Beleaguered Toyota makes offers that cannot

be refused in the US, stresses concern for

safety in China

The ear on the

Automotive News

story (10 March) read “Toyota Recall

Crisis,” but the information conveyed was that unprecedented incentives

being offered by Toyota Motor Co – zero percent financing, subsidised

leases, free maintenance – were boosting the company’s US sales “big

time” in early March; and analysts forecast a 30% bounce for the full

month. The disjunction was not untypical of the Japanese car maker,

most of whose famously loyal American customers are better satisfied

with its products than some other interested parties – notably a federal

Cabinet department. The US Dept of Transportation is investigating

reports of 52 deaths resulting from unintended acceleration in Toyota

vehicles.

In January, Toyota said that it would be recalling 5.6 million vehicles

in the US, on complaints of problems great and small. On 9 March

the company said further that it would likely issue a recall on all Prius

models made between 2004 and 2009; and, on 10 March, that it will

expand its recall on Tundra pickups to include all 2000 to 2003 US

vehicles.

Even so, according to Toyota spokesman Win Finklehorn, Toyota is

trying moving forward into the new decade. “Our sales are up and so

is morale,” he told a press conference reported by the Huffington Post

(12 March). “We have no plans of slowing down.”

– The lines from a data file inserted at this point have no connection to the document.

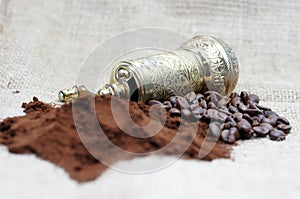 Old coffee grinder with coffee beans and powder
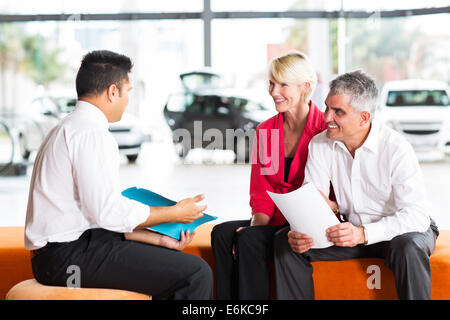 vehicle salesman explaining contract to senior couple before buying a car Stock Photo
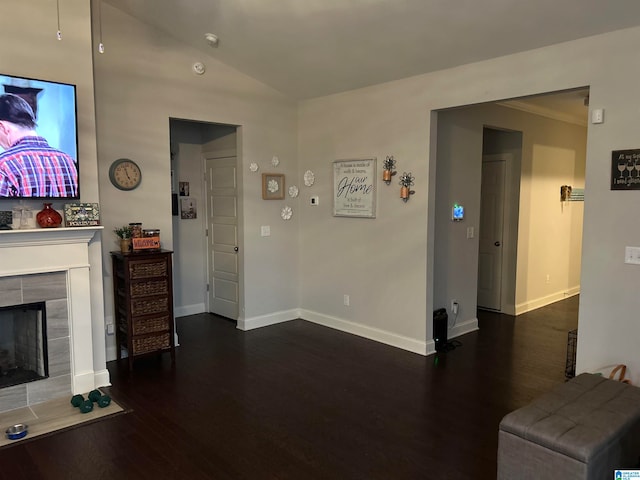 living room featuring crown molding, a tiled fireplace, and dark wood-type flooring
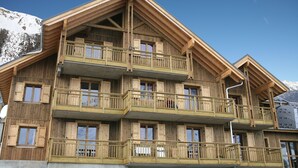 Un edificio de madera de varios pisos con balcones, probablemente un hotel o una cabaña, con montañas al fondo.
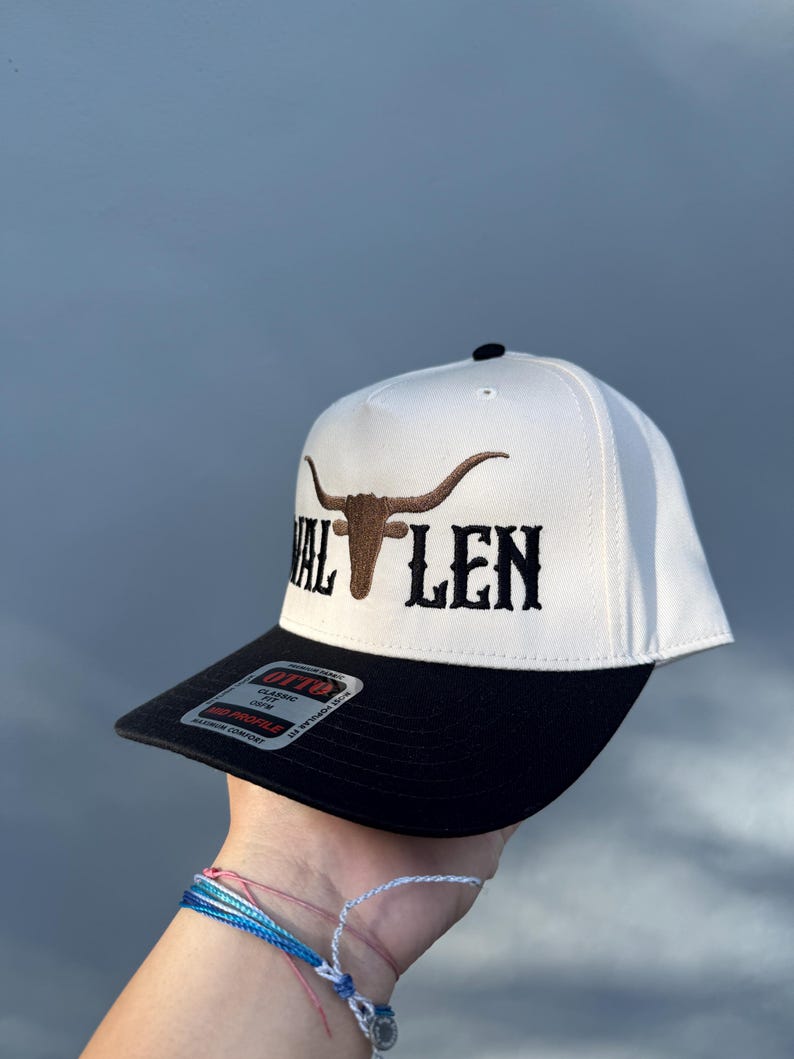 May include: White and black baseball cap with a brown bull's head and the text "VAL LEN" embroidered on the front.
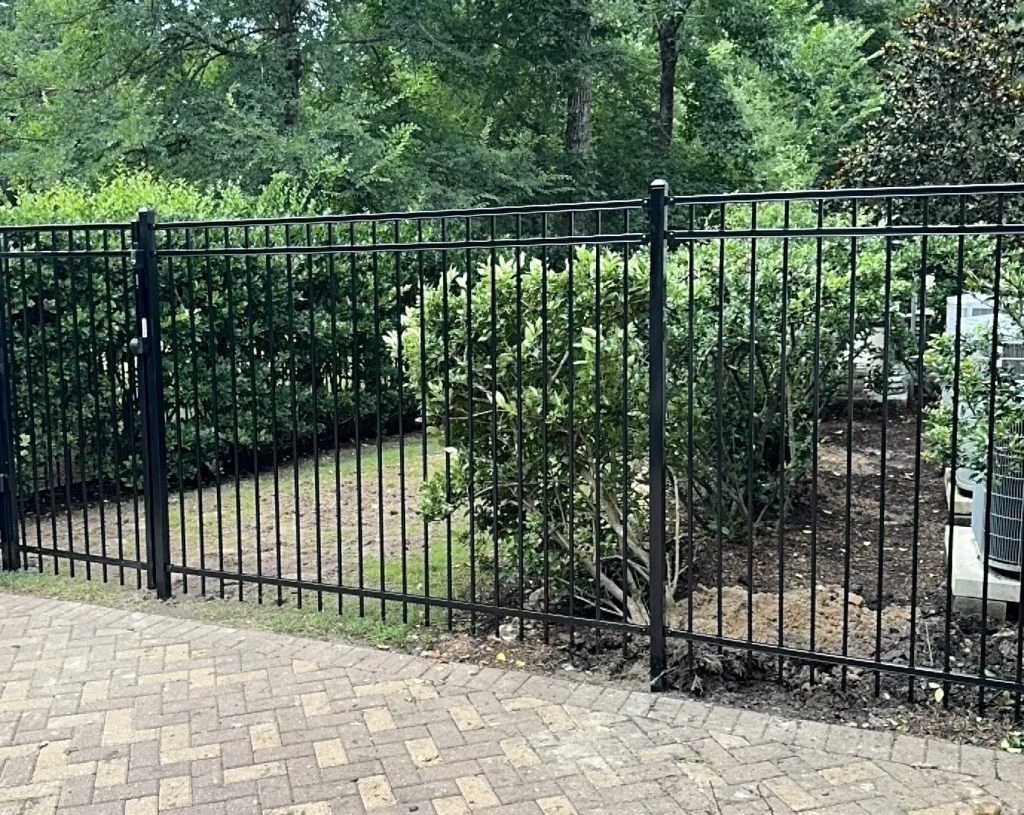 Black ornamental steel fence around a backyard patio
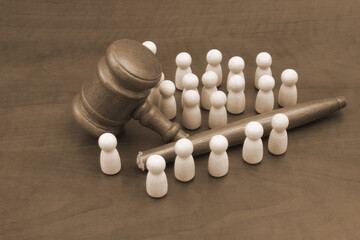 Many wooden people figures and broken judge gavel. Unfairness and injustice concept.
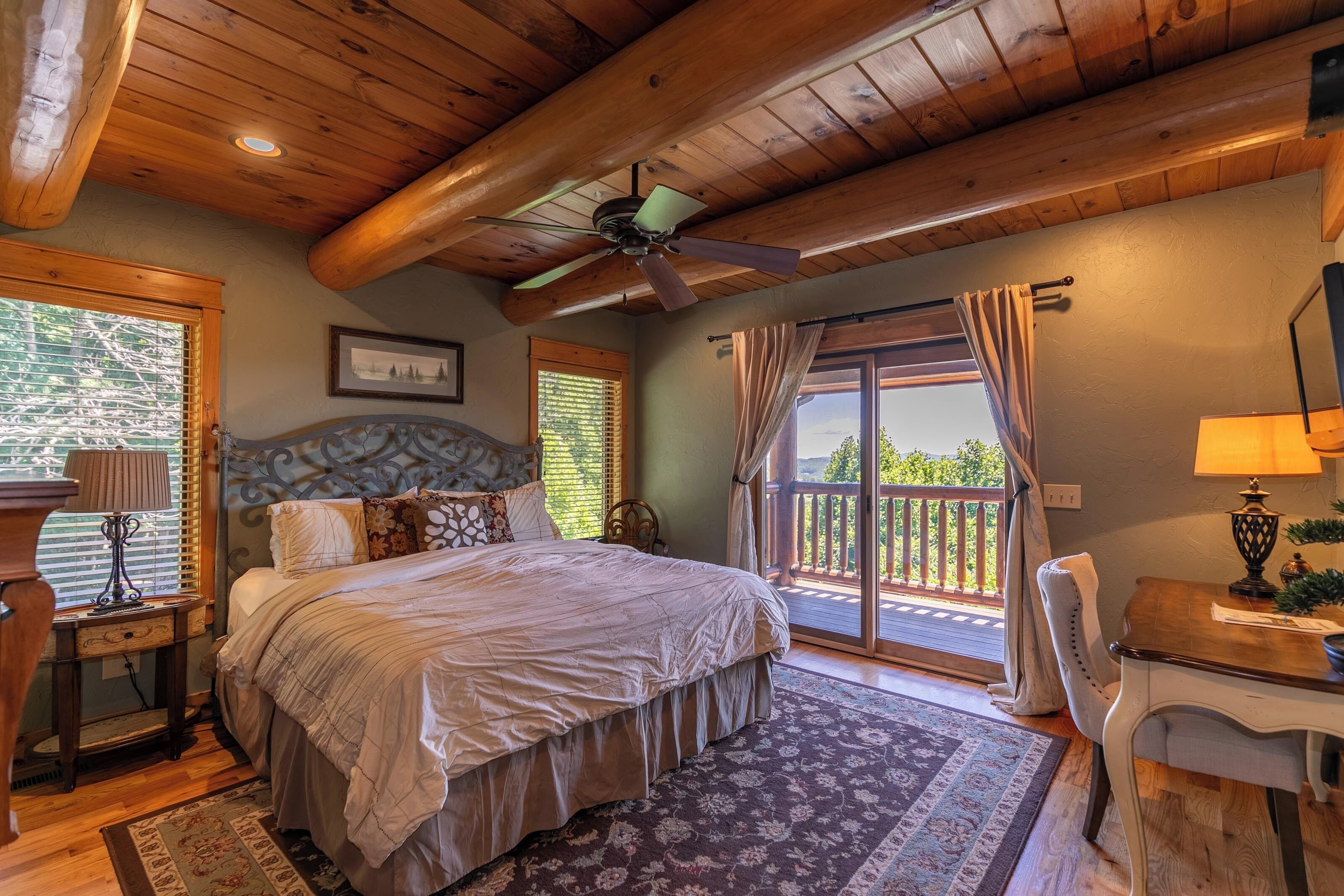 A bedroom with a large bed, a ceiling fan, a wooden ceiling, a window with blinds, a nightstand, a lamp, and a view of the outdoors.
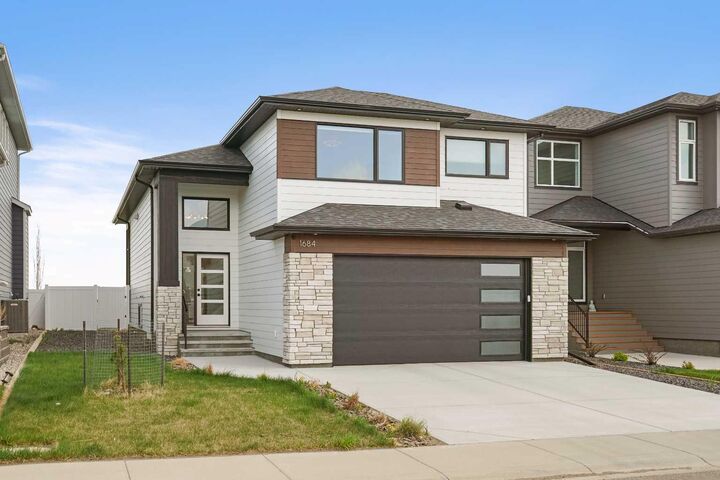Property Photo:  1684 Sixmile View S  AB T1K 8J2 
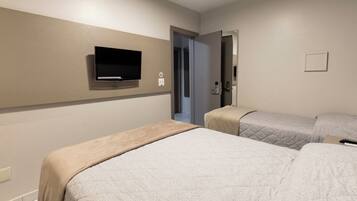 Ein Hotelzimmer mit zwei Betten, einem an der Wand befestigten Fernseher und einer Tür zu einem weiteren Raum.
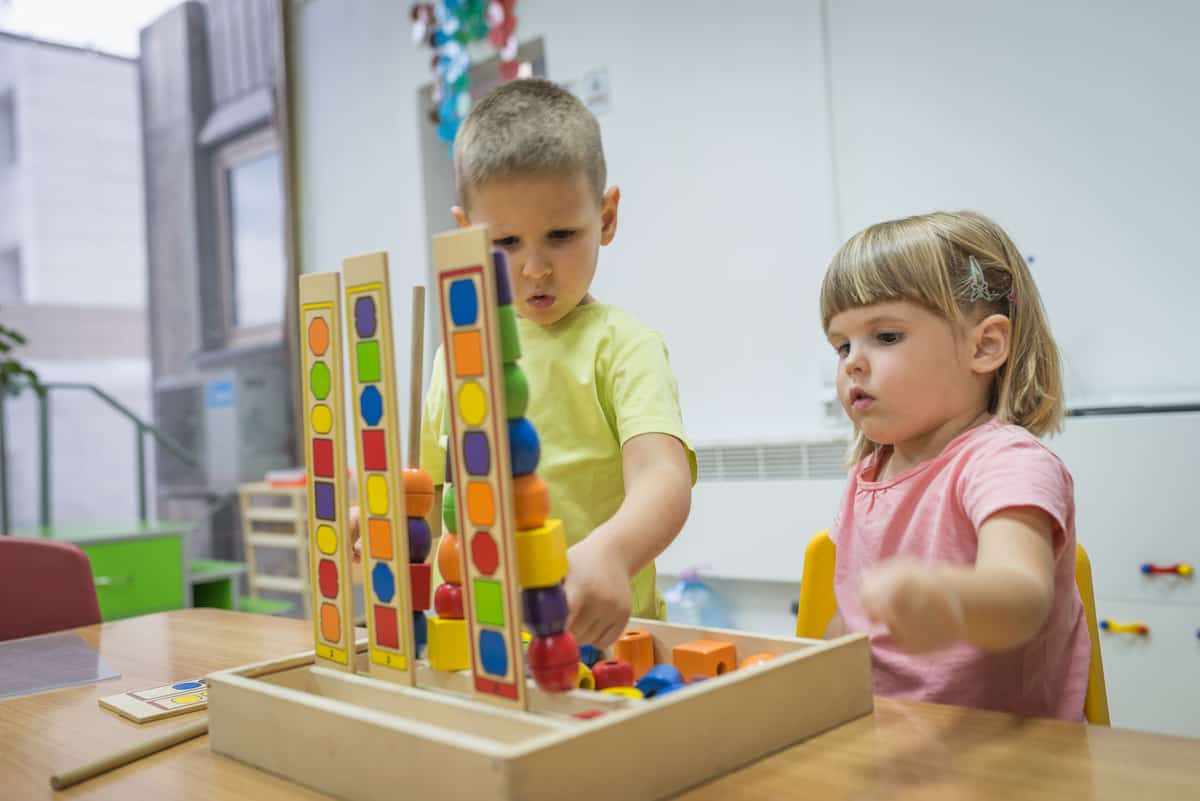 Caucasian children are playing in kindergarten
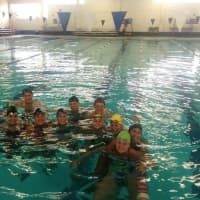 <p>The Marlins swimmers after a workout will compete in Indianapolis this week at a Junior National meet.</p>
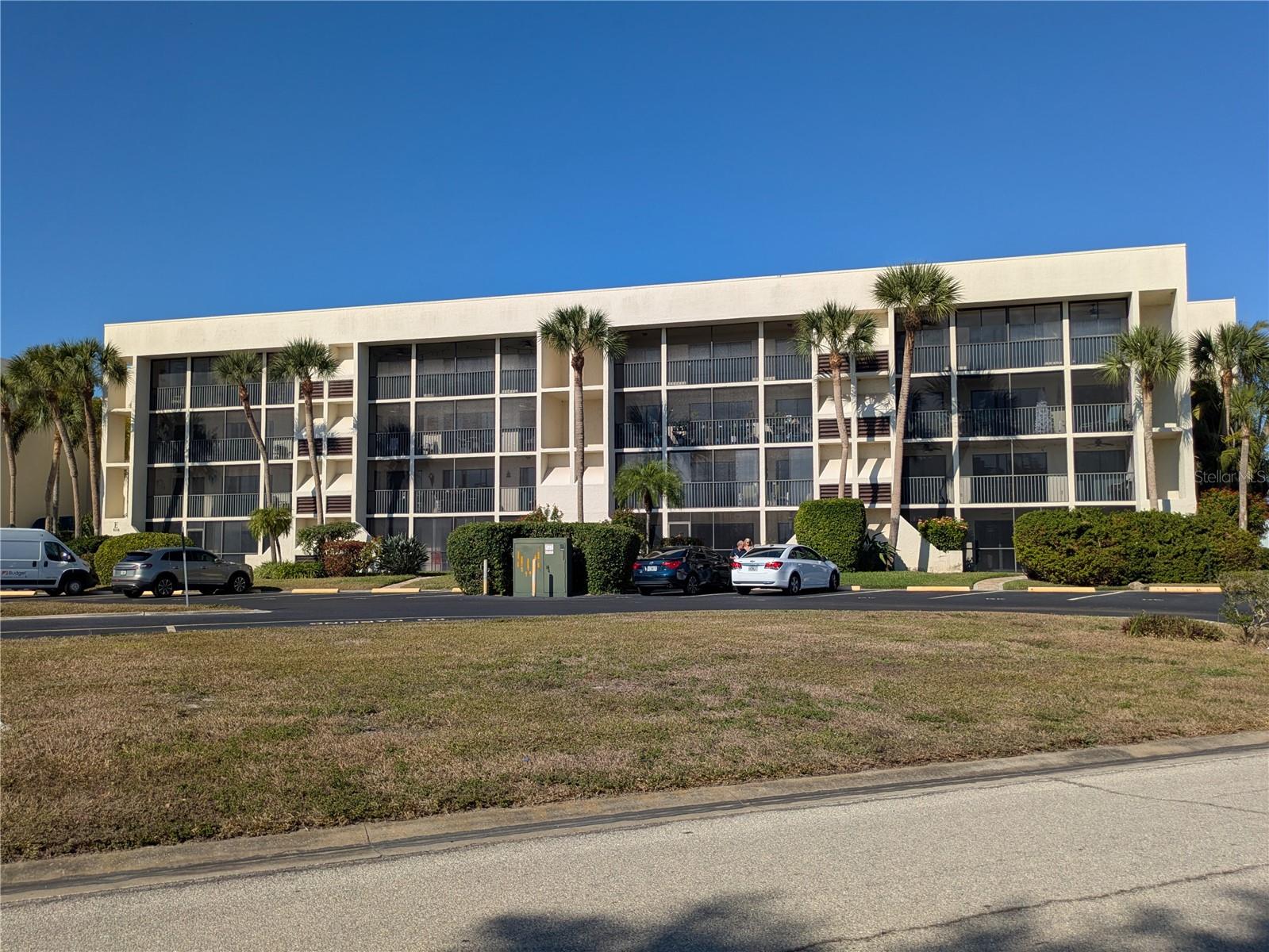 FIRST FLOOR CONDO WITH NEW ROOF.  CERAMIC TILE, EASY PRIVATE ENTRANCE DIRECTLY FROM THE PARKING LOT.  RELAXING AFTERNOON SUN ON THE LINAI. 2 BATHROOMS. EASY WALK TO THE POOL. FULLY MAINTAINED COMMUNITY.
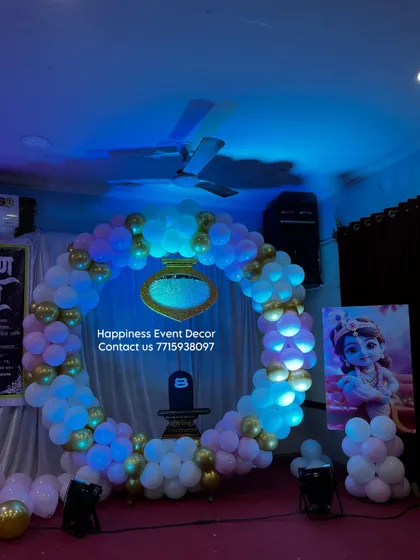 A Krishna-themed naming ceremony with a balloon ring in pink, white, and gold. The setup includes a small shivling prop and a picture of Lord Krishna, blending devotion with celebration.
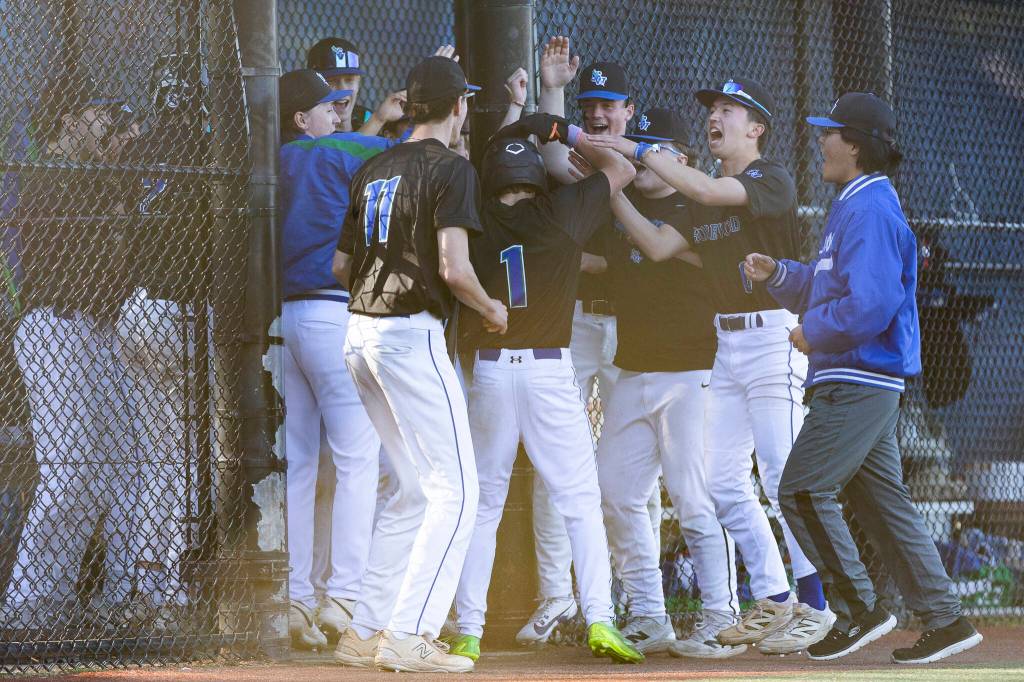 Shorewoods Cameron Falk celebrates with his teammates after scoring during the game against Edmonds-Woodway on Wednesday, April 29, 2026 in Shoreline, Washington. (Olivia Vanni / The Herald)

Toyota faces a steep climb if it is to regain its position as of 1 January

when it was the top-selling brand in the US, with a 14.3% market share

for all of 2009. By the end of February the company had gone to No. 3,

with 11%, indicating that Toyota loyalists cannot by themselves rescue

the company’s American fortunes. A restoration to dominance of the

US market clearly rests with new customers, who will need stronger

persuasion than ever before.

Given the obvious effectiveness of the incentives offered by Toyota

Motor Sales USA Inc in March, the company was considered likely to

extend them. But more than one observer noted that such sweeteners

have a short shelf-life. And, they are expensive, even for the world’s

largest auto maker by sales.

Many months or even years before Toyota’s troubles began, could

some intuition have inspired the company’s decision to sponsor an

extreme-heavy metal festival named for one of its models? The Scion

Rock Fest, held 13 March in Columbus, Ohio, and accorded high praise

by

New York Times

jazz and pop critic Ben Ratliff, could hardly be

surpassed for making friends and influencing people.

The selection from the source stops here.